Die Bezahlkarte soll mögliche Anreize für illegale Migration in Deutschland senken. Ob sie allerdings flächendeckend eingeführt wird, ist offen. In NRW sollen die Kommunen darüber entscheiden.
Nordrhein-Westfalens Kommunen sollen nach Angaben der Landesregierung über die Einführung der geplanten Bezahlkarte für Asylbewerber entscheiden und die entstehenden Kosten dabei auch selbst tragen. Es werde keinen Anschlusszwang für die Kommunen in Nordrhein-Westfalen geben, sagte eine Sprecherin der Staatskanzlei am Montag. Der Bund werde sich an den mit der Einführung der Bezahlkarte verbundenen Kosten nicht beteiligen. „Eine Übernahme der in den Kommunen entstehenden Kosten durch das Land ist in Nordrhein-Westfalen – auch vor dem Hintergrund der mit der Einführung verbundenen Entlastungen – nicht geplant“, erklärte sie. Zuvor hatte der WDR berichtet.
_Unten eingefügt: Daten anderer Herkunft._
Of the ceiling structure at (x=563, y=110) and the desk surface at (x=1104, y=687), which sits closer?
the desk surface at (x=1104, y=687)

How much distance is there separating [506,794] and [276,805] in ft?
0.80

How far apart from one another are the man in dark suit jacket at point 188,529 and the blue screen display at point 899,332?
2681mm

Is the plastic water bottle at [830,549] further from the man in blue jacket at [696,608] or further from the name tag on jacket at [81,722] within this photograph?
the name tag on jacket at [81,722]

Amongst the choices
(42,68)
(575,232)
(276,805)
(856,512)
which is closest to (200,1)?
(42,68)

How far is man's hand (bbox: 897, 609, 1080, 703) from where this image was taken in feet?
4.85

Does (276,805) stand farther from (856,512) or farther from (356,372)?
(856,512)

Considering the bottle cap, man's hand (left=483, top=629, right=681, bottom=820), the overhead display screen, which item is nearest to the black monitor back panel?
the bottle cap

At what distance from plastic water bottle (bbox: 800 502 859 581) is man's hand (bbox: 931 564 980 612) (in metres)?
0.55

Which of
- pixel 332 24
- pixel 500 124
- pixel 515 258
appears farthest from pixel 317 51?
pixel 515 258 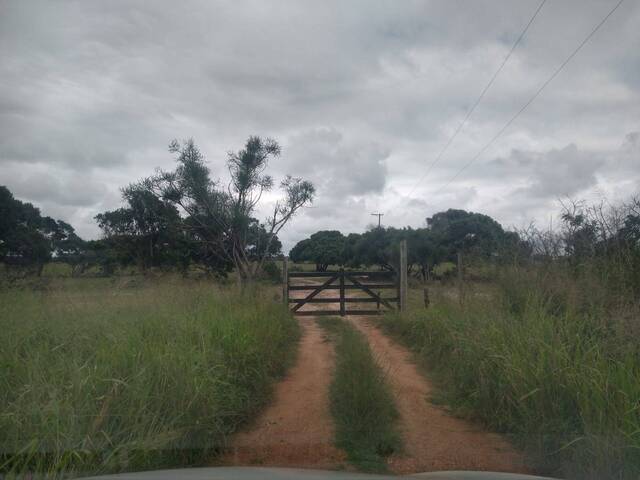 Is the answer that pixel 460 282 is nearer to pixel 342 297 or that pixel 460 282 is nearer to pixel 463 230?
pixel 342 297

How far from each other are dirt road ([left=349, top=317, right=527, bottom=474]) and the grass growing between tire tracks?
0.54ft

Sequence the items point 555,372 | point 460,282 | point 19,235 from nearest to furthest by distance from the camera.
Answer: point 555,372 < point 460,282 < point 19,235

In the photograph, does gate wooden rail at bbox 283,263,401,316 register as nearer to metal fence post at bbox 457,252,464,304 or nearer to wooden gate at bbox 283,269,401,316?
wooden gate at bbox 283,269,401,316

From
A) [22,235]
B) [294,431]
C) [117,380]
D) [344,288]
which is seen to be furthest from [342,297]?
[117,380]

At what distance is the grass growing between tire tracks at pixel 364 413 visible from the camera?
5.43 m

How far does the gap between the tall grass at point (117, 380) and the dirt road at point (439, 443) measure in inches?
75.2

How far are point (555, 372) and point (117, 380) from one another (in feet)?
14.1

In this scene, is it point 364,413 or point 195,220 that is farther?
point 195,220

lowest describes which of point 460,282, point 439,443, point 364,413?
point 439,443

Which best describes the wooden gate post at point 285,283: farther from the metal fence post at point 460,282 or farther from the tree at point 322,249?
the tree at point 322,249

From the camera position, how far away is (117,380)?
476 centimetres

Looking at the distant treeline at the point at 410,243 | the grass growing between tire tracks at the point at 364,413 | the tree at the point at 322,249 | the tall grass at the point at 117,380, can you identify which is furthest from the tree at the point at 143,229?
the tree at the point at 322,249

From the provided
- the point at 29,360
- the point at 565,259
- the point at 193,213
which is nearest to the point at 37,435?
the point at 29,360

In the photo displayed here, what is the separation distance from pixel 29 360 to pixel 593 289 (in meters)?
7.14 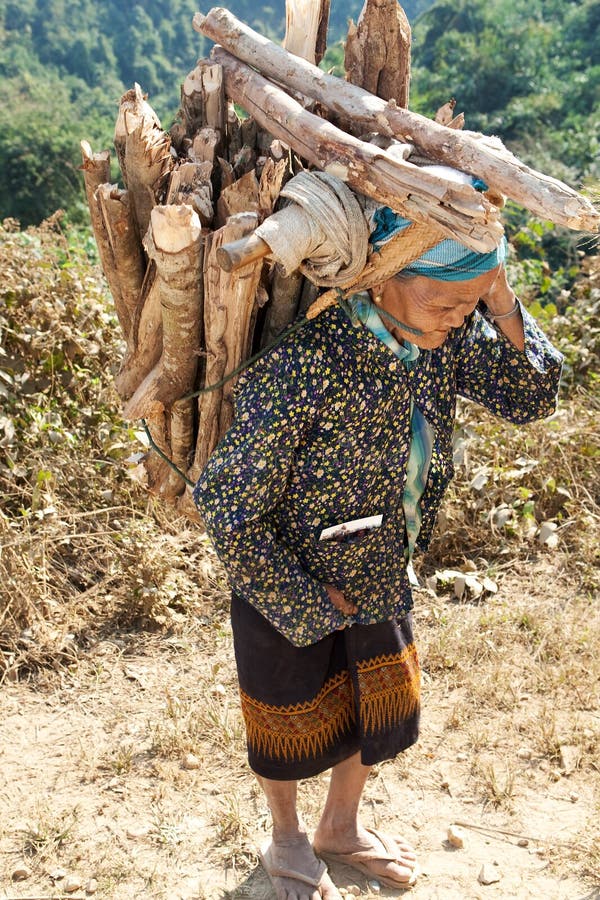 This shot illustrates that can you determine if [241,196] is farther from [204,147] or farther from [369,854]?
[369,854]

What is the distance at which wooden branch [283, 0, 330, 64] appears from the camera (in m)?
1.92

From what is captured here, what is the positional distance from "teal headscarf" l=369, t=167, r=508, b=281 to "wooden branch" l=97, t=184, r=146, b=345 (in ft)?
1.68

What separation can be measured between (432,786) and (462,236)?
6.01ft

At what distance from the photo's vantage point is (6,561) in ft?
10.9

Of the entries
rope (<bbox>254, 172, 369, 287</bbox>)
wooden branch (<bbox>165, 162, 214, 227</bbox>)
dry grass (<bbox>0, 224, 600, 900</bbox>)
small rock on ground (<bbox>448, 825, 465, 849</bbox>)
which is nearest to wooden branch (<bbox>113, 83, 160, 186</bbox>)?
wooden branch (<bbox>165, 162, 214, 227</bbox>)

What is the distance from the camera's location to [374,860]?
2410 millimetres

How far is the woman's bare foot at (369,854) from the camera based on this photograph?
2400 mm

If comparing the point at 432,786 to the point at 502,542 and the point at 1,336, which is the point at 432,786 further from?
the point at 1,336

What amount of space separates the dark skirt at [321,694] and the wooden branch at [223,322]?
0.43 metres

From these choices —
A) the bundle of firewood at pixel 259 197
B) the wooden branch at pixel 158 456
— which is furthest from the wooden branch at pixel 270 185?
the wooden branch at pixel 158 456

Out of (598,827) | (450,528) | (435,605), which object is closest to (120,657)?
(435,605)

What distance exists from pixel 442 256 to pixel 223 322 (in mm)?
442

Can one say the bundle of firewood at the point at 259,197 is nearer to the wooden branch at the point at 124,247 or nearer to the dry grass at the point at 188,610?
the wooden branch at the point at 124,247

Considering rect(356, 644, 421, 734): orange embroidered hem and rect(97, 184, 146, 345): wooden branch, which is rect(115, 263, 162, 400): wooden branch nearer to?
rect(97, 184, 146, 345): wooden branch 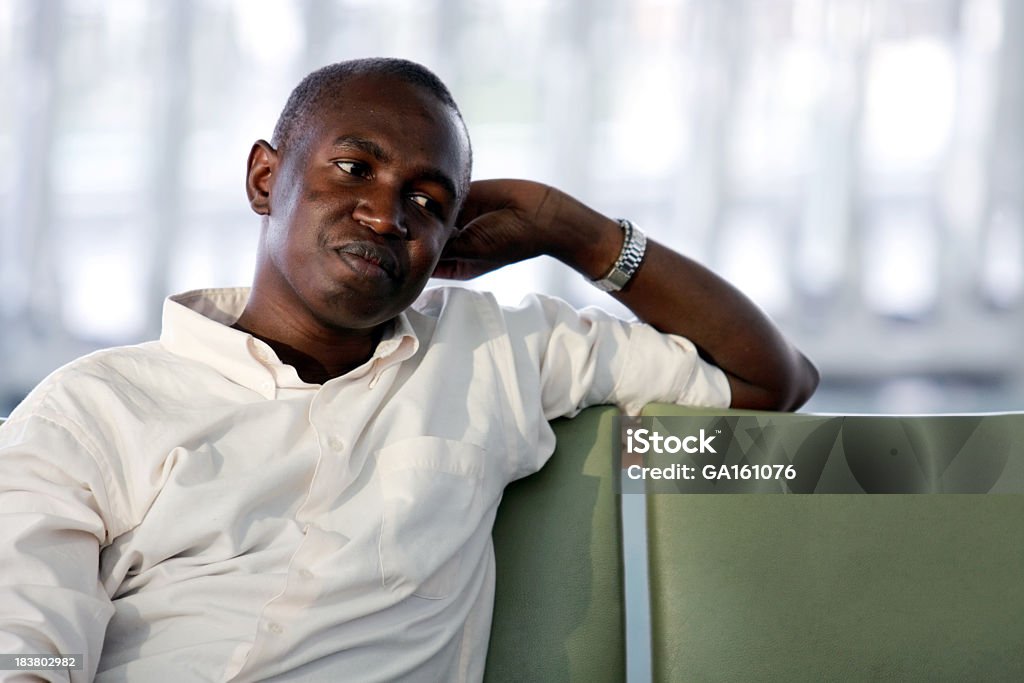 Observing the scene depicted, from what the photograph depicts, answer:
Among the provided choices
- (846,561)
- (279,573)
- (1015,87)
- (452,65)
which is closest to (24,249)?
(452,65)

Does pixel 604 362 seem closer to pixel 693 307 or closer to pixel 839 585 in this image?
pixel 693 307

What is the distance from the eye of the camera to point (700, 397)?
1.53m

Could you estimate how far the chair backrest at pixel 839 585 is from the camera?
1354mm

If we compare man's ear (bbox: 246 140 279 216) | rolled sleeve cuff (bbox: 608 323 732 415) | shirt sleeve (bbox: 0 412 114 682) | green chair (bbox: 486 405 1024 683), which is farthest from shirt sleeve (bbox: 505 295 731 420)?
shirt sleeve (bbox: 0 412 114 682)

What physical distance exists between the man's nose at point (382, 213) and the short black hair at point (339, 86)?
0.40 ft

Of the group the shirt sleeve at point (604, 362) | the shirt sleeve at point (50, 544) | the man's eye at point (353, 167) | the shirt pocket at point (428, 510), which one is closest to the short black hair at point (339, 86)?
the man's eye at point (353, 167)

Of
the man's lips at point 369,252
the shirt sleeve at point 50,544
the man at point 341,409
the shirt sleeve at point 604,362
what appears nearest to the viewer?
the shirt sleeve at point 50,544

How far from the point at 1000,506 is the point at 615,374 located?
21.1 inches

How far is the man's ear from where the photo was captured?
1395 millimetres

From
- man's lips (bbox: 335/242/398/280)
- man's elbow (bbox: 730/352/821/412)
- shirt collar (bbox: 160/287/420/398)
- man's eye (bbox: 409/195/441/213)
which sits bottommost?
man's elbow (bbox: 730/352/821/412)

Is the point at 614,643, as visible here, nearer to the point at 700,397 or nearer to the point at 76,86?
the point at 700,397

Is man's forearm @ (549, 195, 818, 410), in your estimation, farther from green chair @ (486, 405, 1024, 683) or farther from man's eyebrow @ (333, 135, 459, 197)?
man's eyebrow @ (333, 135, 459, 197)

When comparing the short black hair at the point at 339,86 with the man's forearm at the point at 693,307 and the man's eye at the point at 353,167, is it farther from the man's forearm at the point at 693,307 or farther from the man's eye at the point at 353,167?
the man's forearm at the point at 693,307

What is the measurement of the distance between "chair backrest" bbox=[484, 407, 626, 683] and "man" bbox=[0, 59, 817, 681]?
0.04 m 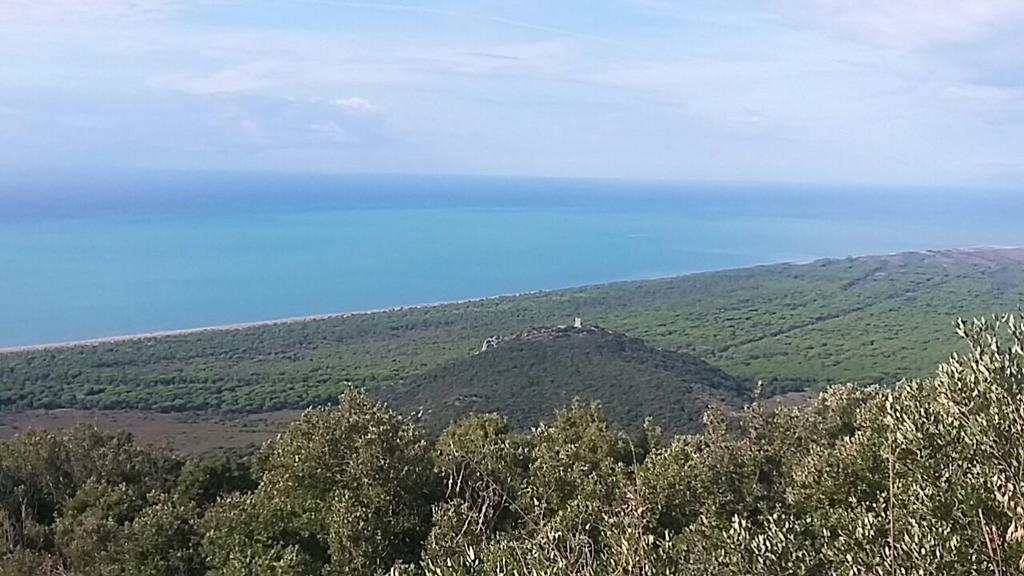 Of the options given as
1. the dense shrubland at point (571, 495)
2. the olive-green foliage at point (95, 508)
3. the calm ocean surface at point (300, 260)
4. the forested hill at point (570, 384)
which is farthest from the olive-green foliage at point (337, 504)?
the calm ocean surface at point (300, 260)

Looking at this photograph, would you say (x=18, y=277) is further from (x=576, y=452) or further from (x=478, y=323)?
(x=576, y=452)

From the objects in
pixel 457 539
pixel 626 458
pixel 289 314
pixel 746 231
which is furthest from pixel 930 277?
pixel 457 539

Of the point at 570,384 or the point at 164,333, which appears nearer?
the point at 570,384

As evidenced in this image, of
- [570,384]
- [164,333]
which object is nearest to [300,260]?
[164,333]

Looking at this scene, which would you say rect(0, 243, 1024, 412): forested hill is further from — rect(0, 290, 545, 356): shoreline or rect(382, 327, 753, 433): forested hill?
rect(382, 327, 753, 433): forested hill

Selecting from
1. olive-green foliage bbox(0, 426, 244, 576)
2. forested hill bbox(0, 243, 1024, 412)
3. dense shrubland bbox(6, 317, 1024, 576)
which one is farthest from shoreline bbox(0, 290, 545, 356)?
dense shrubland bbox(6, 317, 1024, 576)

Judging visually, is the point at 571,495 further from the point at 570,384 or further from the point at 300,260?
the point at 300,260

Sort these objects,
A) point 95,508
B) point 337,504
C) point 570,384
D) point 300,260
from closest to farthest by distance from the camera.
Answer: point 337,504
point 95,508
point 570,384
point 300,260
Beim Städte- und Gemeindebund NRW rief die Ankündigung der schwarz-grünen Landesregierung Kritik hervor. „Das Land hat bei der Bezahlkarte einseitig Fakten geschaffen, ohne vorher mit den Kommunen die Rahmenbedingungen zu besprechen. Das ist mehr als enttäuschend“, sagte Hauptgeschäftsführer Christof Sommer und fügte hinzu: „Für uns ist klar: Wenn Bund und Länder die Einführung einer Bezahlkarte beschließen, müssen sie auch vollständig die Kosten übernehmen.“
Eine Bezahlkarte könne Ämtern und Geflüchteten helfen, wenn sie einfach zu handhaben sei und Aufwand reduziert werde. „Vieles spricht dafür, sie flächendeckend einzuführen. Nur dann kann sie auch einen Beitrag leisten, Migration zu steuern.“
Mit der Einführung der Bezahlkarte für Flüchtlinge sollen Asylbewerberinnen und Asylbewerber künftig einen Teil der staatlichen Leistungen als Guthaben erhalten und nicht mehr als Bargeld. 14 von 16 Bundesländern einigten sich Ende Januar auf ein gemeinsames Vergabeverfahren, das bis zum Sommer abgeschlossen sein soll. Bayern und Mecklenburg-Vorpommern gehen eigene Wege, wollen aber ebenfalls eine Bezahlkarte einführen.
Mit der Karte soll unter anderem verhindert werden, dass Flüchtlinge Geld an ihre Familie oder Freunde ins Ausland überweisen. „Das ist aus meiner Sicht ein ganz wichtiger Schritt, um Anreize für illegale Migration nach Deutschland zu senken“, hatte der hessische Ministerpräsident und Vorsitzende der Ministerpräsidentenkonferenz, Boris Rhein (CDU), erklärt.
Die Düsseldorfer Staatskanzlei hatte zu der Einigung fast aller Länder auf ein Vergabeverfahren mitgeteilt, dass sich Nordrhein-Westfalen an der gemeinsamen Ausschreibung beteiligen werde. Die geeinten Standards enthielten zum Teil Möglichkeiten zur länderspezifischen Anpassung. Ob und in welchem Umfang solche Anpassungen in NRW vorgenommen werden, hänge unter anderem mit den technischen Möglichkeiten oder weiteren Akteuren, insbesondere den Kommunen, zusammen.
Die FDP-Landtagsfraktion kritisierte NRW-Ministerpräsident Hendrik Wüst (CDU). „In Berlin hat er es vollmundig gefordert, in NRW kommt es nicht flächendeckend – Ministerpräsident Hendrik Wüst fährt einen riskanten Schlingerkurs bei der Bezahlkarte für Flüchtlinge“, erklärte Fraktionschef Henning Höne am Montag. Statt den Kommunen zu helfen, überlasse Wüst ihnen die Entscheidung und finanzielle Last. „Diese Kehrtwende zur gemeinsamen Entscheidung der Regierungschefinnen und Regierungschefs der Länder Ende 2023 macht Wüst unglaubwürdig“, unterstrich der Oppositionspolitiker.
Der Städte- und Gemeindebund NRW wies in seiner Reaktion auf die Äußerungen der Staatskanzlei auf die ohnehin schon starke Belastung der Kommunen hin. „Die Kommunen zahlen für die Versorgung und Unterbringung der Geflüchteten schon viel zu lange drauf und sind auf Entlastungen angewiesen“, erklärte Sommer. Zusätzliche Aufgaben bedeuteten das Gegenteil. Auch die Beschäftigten arbeiteten „seit zwei Jahren am Limit“.